Making Old Things New

Let me start by saying that I didn’t want to do a “rework” project for UFOvember. When Bobbi Gentili from Geeky Bobbin sent the sign up sheet, I was on vacation and by the time I got home, the only slots left were for “rework” or “rehome”. I knew I didn’t want to give any of my UFOs away, so I signed up for “rework”.

I knew exactly which project I would work on. These 25 quilt blocks were first made between 1992 and 1995. The original plan was for a king-sized Bear’s Paw quilt for our bed with cream sashing and cornerstones. I finished all of the blocks, started sewing some sets of two together with sashing before I got busy, packed all of the blocks and the fabric in a large paper bag and set it aside in our basement. (Note, that was before 1995 and I still do not sleep under a quilt I have made!)

Unfortunately, around 1999, we had a 100-year flood in our town and sewage backed up into our basement. Yes, the same basement where I stored a paper bag full of cream, navy, blue and green fabrics with my blocks.
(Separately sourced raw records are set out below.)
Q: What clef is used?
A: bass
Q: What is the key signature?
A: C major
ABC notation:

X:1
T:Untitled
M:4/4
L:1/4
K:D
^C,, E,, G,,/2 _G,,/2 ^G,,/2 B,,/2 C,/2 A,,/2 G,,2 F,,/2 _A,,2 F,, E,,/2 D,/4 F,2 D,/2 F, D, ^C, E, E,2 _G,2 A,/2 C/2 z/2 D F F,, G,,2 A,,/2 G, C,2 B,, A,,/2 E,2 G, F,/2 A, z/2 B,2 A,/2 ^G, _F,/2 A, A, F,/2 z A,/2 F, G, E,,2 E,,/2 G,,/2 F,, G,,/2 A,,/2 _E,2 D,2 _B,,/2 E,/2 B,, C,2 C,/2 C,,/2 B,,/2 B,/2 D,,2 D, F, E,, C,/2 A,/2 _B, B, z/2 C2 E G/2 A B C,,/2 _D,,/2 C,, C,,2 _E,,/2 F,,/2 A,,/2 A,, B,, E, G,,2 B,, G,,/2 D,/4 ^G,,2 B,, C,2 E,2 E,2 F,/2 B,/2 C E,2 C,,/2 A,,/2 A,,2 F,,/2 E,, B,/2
It took a few days to find the bag and we promptly threw all of the fabric in the washing machine on the hottest water to disinfect it. At the time, we were washing every piece of clothing and fabric we found, so it was quickly washed, dried and put into a plastic bin. When I got around to looking at it, the navy had bled onto the cream on almost all of the squares. Here are a few examples:

I really loved some of the fabrics in this quilt and I wanted to find a way to redeem and reuse these blocks. So I sorted them, pressed the blocks and the fabric, and put it in a bin until I decided what to do with it. Over the years, I raided the bin and used the navy border fabric for other projects. When I needed a patch for a quilt made with fabric that matched one of the blocks, I snipped it out of a block because the washed and worn block was a closer match to the quilt than the new fabric.

When I pulled out the box, I had 25 blocks (including the one with a square missing and these fabrics:

So, I decided to make a quilted jacket. My style is pretty tailored, so I took this jacket pattern, which I already had at home.
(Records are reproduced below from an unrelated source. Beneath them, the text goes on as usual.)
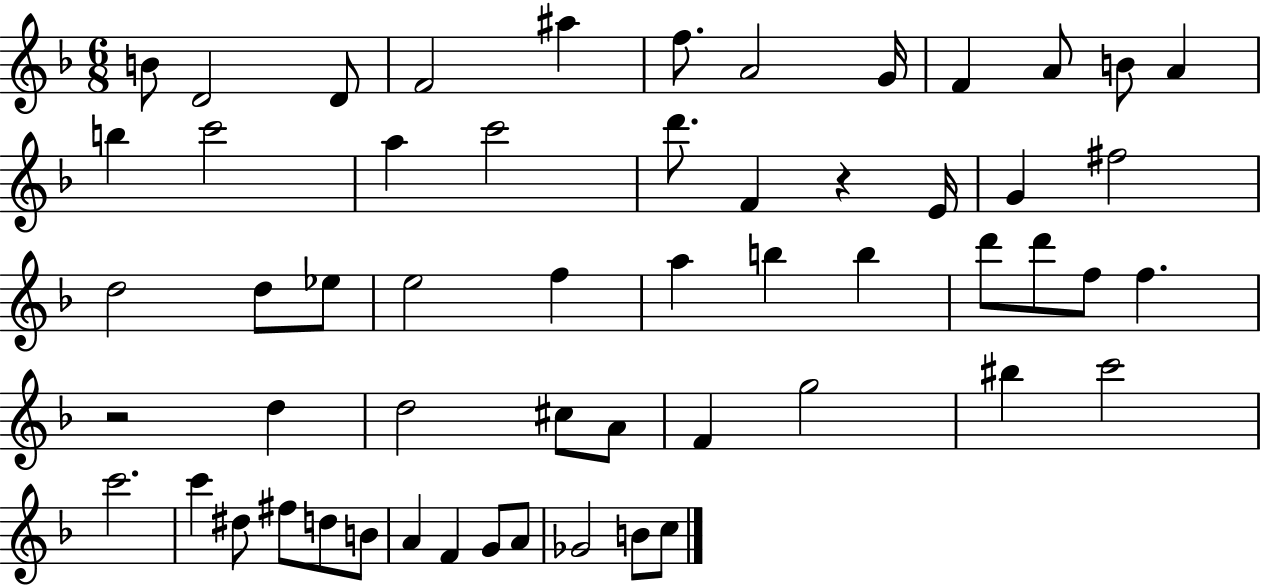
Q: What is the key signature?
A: F major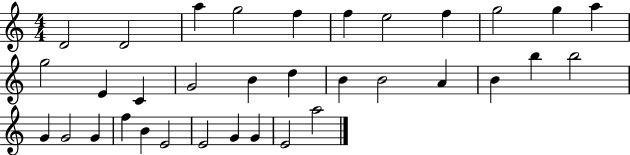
{
  \clef treble
  \numericTimeSignature
  \time 4/4
  \key c \major
  d'2 d'2 | a''4 g''2 f''4 | f''4 e''2 f''4 | g''2 g''4 a''4 | \break g''2 e'4 c'4 | g'2 b'4 d''4 | b'4 b'2 a'4 | b'4 b''4 b''2 | \break g'4 g'2 g'4 | f''4 b'4 e'2 | e'2 g'4 g'4 | e'2 a''2 | \break \bar "|."
}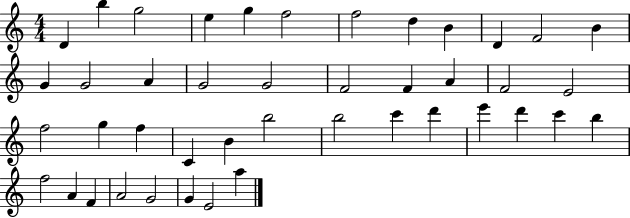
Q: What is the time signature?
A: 4/4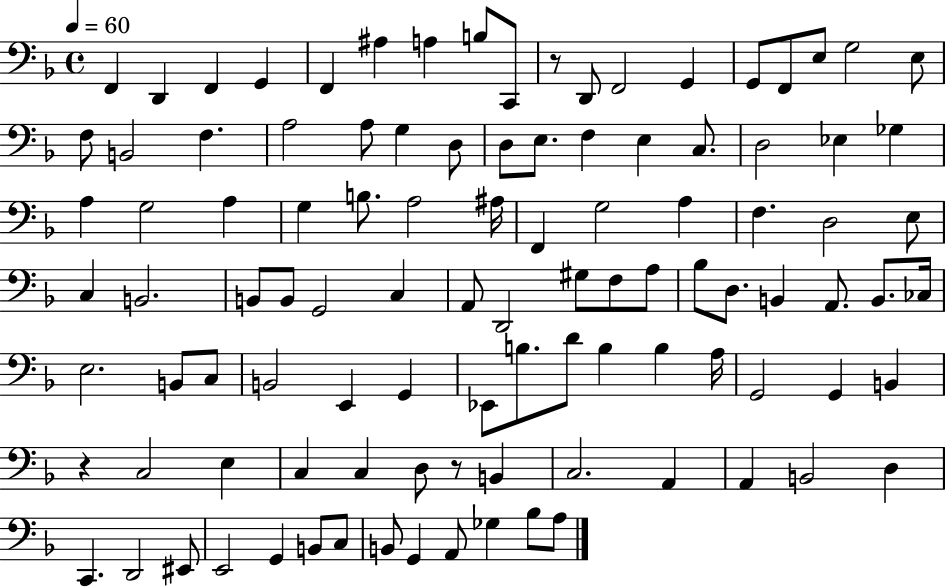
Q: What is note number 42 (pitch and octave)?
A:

I cut out some oversized backing pieces from plain muslin, then fitted quilt squares to them. I used some of the existing sashing strips to extend key parts of the pattern. I also discovered that when quilt squares have been washed, they create these lovely nests on the back.

I had a nest this size for every couple of squares.

I decided to quilt a chevron on the back center panel, cross hatching on the front and back side panels and the sleeves, and angled lines on the front center panels.

I even got my serger out – I don’t think I have used it for at least 5 years!

I finished it with facings cut from the border prints. On the straight hems at the bottom and for the sleeves, I did a wider border print.

For the facing around the neck, I cut a narrower strip to accommodate the curve of the neckline.

I like the overall look, but it is still stained. (Check out Bruce the cat in these photos, when I am turned to the back, so is he!)

I decided to overdye the whole coat.

I wasn’t sure I could get this done in time because as of Monday noon, the dye hadn’t been delivered. But it came in the afternoon, so after dinner I boiled up some water and had a dye party.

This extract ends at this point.